Earlier this month I published an article on the basics of changing alternating current (AC) into direct current (DC) called “How to Change Alternating Current into Direct Current and Supply DC Electronic Circuitry With Power. . This kind of transformation is extremely common; and is the first thing that happens (Although in much more detail with far more complicated circuits than presented therein.) to the AC Mains supply in some form or another as soon as it enters most modern electronic equipment.
Less common, though just as useful, is the inverter circuit: This circuit (The very basics of which are shown here in this article.) changes straight DC electricity (From a rechargeable lead-acid battery usually. – Because it requires quite a bit of power.) into AC electricity; similar to the AC mains power that runs your computer and pretty much everything else electrical in your house. This type of circuitry appears in units such as a UPS or Uninterruptible Power Source that you may have connected onto your computer’s power lead.

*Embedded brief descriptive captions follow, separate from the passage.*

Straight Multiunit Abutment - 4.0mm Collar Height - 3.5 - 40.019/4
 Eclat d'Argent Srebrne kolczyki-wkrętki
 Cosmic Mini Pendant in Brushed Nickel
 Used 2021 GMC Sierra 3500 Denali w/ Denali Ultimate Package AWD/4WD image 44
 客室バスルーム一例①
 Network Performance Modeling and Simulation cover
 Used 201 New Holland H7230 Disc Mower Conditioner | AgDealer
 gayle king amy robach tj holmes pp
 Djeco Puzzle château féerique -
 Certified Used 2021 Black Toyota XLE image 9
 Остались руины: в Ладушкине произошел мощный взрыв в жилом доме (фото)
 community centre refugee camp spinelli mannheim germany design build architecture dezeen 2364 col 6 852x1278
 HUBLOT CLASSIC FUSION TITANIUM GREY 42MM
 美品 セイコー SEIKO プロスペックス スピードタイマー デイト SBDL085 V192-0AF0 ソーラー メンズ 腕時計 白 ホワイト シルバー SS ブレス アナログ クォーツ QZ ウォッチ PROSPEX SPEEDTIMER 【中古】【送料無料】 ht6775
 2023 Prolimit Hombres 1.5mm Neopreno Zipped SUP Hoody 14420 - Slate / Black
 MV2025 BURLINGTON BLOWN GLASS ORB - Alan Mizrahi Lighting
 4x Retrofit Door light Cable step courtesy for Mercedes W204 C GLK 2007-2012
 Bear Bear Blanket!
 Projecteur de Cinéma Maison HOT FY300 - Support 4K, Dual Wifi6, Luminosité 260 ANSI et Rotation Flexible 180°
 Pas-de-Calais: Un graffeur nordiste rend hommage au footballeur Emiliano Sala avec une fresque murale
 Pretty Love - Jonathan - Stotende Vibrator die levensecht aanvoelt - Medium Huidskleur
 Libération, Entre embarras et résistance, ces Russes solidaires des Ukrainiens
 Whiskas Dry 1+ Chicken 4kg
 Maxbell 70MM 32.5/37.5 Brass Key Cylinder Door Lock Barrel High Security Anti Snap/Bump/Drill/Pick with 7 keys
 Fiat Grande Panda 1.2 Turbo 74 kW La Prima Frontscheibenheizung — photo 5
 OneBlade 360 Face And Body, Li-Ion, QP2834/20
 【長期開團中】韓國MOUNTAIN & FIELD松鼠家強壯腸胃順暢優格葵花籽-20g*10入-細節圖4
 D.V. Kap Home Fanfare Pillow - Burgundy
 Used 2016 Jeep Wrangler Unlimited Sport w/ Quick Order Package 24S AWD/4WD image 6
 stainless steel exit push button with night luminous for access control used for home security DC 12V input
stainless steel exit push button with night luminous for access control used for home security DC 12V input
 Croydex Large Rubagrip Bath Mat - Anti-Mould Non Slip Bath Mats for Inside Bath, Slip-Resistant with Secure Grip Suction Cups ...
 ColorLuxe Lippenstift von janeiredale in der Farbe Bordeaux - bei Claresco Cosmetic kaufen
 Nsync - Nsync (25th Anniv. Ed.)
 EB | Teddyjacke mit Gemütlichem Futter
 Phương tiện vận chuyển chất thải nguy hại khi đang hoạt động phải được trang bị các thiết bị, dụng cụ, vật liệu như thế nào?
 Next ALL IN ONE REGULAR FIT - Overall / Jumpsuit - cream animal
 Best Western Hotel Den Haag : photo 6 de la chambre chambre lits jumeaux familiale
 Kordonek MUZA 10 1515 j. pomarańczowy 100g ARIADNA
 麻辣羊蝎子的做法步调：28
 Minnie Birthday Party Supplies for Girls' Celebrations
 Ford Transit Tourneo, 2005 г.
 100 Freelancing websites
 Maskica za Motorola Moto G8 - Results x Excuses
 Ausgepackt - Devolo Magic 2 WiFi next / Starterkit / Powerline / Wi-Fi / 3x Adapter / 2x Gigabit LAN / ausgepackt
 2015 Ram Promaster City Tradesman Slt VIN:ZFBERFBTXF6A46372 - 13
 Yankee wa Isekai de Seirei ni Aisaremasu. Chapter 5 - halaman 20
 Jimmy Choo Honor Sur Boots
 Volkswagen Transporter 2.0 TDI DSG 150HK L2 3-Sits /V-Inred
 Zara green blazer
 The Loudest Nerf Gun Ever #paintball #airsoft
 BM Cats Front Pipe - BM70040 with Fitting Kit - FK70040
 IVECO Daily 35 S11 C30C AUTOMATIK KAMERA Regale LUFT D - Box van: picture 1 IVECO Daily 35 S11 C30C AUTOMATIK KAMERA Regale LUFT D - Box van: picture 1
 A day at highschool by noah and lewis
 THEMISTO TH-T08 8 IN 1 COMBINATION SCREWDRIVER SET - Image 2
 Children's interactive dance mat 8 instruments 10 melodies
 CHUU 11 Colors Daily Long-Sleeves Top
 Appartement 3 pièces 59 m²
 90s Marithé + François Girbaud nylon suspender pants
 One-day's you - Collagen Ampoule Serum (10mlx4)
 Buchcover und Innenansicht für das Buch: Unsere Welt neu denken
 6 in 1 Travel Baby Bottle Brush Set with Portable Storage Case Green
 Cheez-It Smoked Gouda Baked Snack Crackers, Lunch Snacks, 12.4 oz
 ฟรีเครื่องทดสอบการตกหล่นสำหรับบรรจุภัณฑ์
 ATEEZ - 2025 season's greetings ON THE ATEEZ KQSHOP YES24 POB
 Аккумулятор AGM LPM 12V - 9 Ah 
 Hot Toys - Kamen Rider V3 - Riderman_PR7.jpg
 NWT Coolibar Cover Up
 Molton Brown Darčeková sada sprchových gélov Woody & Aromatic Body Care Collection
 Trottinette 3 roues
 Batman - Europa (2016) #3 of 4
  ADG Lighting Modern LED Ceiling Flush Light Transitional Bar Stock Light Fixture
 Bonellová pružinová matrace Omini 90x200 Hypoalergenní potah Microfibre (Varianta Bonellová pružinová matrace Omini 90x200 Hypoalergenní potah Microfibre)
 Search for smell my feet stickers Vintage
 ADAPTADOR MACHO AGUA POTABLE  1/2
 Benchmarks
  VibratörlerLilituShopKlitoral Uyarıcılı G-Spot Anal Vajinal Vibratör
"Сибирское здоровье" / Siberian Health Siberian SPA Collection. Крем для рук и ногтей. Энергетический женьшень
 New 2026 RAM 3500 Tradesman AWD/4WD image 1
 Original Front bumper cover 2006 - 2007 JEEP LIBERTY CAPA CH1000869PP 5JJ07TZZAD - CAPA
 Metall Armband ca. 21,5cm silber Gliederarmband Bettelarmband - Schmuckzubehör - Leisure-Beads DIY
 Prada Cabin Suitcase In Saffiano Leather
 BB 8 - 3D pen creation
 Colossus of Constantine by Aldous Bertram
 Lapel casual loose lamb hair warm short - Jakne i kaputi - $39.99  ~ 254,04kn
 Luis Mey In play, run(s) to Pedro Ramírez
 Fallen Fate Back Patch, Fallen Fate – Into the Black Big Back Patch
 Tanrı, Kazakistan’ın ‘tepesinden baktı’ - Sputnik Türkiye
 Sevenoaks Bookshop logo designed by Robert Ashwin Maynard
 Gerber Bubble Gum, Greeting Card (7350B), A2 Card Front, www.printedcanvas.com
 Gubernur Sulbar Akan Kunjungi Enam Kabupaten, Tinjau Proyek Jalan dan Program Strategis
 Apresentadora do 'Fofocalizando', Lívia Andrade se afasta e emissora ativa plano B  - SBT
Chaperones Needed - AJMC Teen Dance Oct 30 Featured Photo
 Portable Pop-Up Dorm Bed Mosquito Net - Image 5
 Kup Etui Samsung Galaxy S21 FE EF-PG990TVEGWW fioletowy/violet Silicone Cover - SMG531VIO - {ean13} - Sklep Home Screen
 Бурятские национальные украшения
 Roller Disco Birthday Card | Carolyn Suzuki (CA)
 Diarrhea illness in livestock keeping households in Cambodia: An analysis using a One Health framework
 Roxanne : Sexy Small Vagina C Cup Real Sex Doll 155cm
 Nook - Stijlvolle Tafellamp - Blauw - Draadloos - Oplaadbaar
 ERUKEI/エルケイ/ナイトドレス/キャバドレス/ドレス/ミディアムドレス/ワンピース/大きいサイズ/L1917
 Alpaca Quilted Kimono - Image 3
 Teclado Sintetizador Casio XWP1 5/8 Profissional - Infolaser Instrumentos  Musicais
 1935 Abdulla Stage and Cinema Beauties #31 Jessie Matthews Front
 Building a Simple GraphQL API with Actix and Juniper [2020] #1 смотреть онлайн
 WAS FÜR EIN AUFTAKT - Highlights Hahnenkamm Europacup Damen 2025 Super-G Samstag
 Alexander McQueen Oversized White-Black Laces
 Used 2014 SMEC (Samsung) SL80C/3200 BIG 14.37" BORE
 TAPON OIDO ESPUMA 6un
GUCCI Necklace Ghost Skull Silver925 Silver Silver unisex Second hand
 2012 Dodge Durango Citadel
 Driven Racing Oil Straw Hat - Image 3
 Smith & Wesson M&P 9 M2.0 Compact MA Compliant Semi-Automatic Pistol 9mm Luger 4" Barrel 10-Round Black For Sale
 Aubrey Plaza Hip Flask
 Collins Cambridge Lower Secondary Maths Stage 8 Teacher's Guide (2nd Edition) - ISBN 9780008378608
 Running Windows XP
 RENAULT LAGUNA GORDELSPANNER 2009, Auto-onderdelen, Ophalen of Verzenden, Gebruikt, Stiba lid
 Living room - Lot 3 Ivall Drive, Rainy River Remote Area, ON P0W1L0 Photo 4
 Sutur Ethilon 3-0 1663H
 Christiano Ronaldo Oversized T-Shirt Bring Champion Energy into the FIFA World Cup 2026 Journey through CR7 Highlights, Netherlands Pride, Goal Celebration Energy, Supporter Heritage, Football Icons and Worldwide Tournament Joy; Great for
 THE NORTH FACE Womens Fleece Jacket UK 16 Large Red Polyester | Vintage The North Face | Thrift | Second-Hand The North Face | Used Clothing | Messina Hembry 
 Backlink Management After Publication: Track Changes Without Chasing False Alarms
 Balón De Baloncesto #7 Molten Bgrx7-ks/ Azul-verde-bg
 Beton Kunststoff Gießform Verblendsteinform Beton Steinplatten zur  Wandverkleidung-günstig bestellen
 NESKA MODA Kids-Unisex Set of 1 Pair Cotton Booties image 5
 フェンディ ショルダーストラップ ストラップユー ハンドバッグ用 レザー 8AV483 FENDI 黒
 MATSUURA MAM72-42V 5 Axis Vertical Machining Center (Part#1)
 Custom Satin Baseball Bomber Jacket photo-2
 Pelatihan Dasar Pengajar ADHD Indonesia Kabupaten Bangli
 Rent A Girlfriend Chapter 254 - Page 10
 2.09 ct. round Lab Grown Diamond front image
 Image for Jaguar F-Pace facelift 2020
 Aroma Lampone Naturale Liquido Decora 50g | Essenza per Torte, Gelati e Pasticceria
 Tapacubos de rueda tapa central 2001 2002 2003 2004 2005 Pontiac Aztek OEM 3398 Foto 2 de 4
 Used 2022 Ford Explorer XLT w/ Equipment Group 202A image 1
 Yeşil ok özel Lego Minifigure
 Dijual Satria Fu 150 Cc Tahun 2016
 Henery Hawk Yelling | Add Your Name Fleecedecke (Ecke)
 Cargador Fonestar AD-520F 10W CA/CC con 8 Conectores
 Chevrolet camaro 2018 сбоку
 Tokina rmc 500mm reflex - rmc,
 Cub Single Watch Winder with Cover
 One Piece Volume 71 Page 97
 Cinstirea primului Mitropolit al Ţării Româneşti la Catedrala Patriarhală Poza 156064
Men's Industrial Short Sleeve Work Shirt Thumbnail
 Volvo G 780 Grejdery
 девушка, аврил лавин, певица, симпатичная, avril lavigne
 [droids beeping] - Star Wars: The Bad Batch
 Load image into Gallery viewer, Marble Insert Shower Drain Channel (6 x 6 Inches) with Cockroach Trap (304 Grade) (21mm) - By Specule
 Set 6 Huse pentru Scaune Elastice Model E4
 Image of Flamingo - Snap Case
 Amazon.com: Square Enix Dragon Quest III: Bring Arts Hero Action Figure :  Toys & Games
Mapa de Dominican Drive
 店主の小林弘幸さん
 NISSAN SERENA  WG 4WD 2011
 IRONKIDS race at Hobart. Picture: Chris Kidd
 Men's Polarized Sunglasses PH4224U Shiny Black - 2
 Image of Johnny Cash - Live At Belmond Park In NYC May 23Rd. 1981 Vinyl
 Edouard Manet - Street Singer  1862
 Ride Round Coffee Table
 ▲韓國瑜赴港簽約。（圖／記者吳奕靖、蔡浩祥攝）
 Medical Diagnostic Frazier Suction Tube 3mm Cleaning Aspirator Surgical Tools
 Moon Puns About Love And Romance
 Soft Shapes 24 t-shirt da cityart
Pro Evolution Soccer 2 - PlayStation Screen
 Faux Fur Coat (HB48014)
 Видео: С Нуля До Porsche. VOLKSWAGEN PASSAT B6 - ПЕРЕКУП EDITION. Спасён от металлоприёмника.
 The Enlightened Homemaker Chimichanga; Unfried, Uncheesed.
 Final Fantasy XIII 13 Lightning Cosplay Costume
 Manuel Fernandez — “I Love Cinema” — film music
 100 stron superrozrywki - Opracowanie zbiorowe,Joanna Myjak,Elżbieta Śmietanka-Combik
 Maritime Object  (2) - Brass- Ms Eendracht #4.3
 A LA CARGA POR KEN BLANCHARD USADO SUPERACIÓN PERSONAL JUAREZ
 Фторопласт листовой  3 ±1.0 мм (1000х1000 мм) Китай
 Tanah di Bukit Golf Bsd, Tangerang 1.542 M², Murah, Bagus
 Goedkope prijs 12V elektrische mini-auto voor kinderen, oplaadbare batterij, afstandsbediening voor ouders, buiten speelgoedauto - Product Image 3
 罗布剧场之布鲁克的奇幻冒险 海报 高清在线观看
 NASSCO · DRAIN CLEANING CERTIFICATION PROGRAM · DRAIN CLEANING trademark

The main components of an inverter are:
1) A DC current source. – Usually a rechargeable lead-acid battery.
3) A mixer: (see further down.)This is the stage where up to the full-force of the DC current source’s power is mixed with the waveform produced by the timebase to produce a very-precisely-tuned low-voltage sine wave, capable of driving the transformer unit, which is the last stage, to produce a pseudo-AC mains output.
4) A transformer. (see above, 3).)
The oscillator drives the mixer, a piece of circuitry regulated by purpose-built voltage regulators that mirror the control input’s actions precisely; outputting the required sinusoidal waveform. In my representation of the mixer circuit I’ve used a pair of power-NPN/PNP transistors wired as a complimentary pair to achieve this. That is a very basic circuit which will be given to a huge distortion factor on the output. In reality, heavy-duty power-CMOS voltage and current regulator chips using power-MOSFET technologies are commonly used to give a perfect stabilised output. – I’ve used the power-NPN/PNP-transistor-pair in the example-circuit for the sake of simplicity.
The AC output from this circuit is then applied to the coils of a step-up transformer which increases the voltage to the AC mains voltage.
Some of the cheaper inverters, although able to supply the power-input needs of a computer and peripherals, are nevertheless unable to supply the perfect AC waveform required to run a fluorescent or low-energy lamp. – For example, of my 2 UPS units, only one; the more expensive of the two, is able to run a Thorn 2D sidelight and a PL-lamp desk light properly. The cheaper of the two UPS’s just causes the lights to flicker dimly. This is probably due to the quality of components used as well as the type of circuitry present in the unit.
I don’t intend to go into this further and subsequently go off-topic. I hope the above gives you some idea of how DC electricity is changed into its AC counterpart.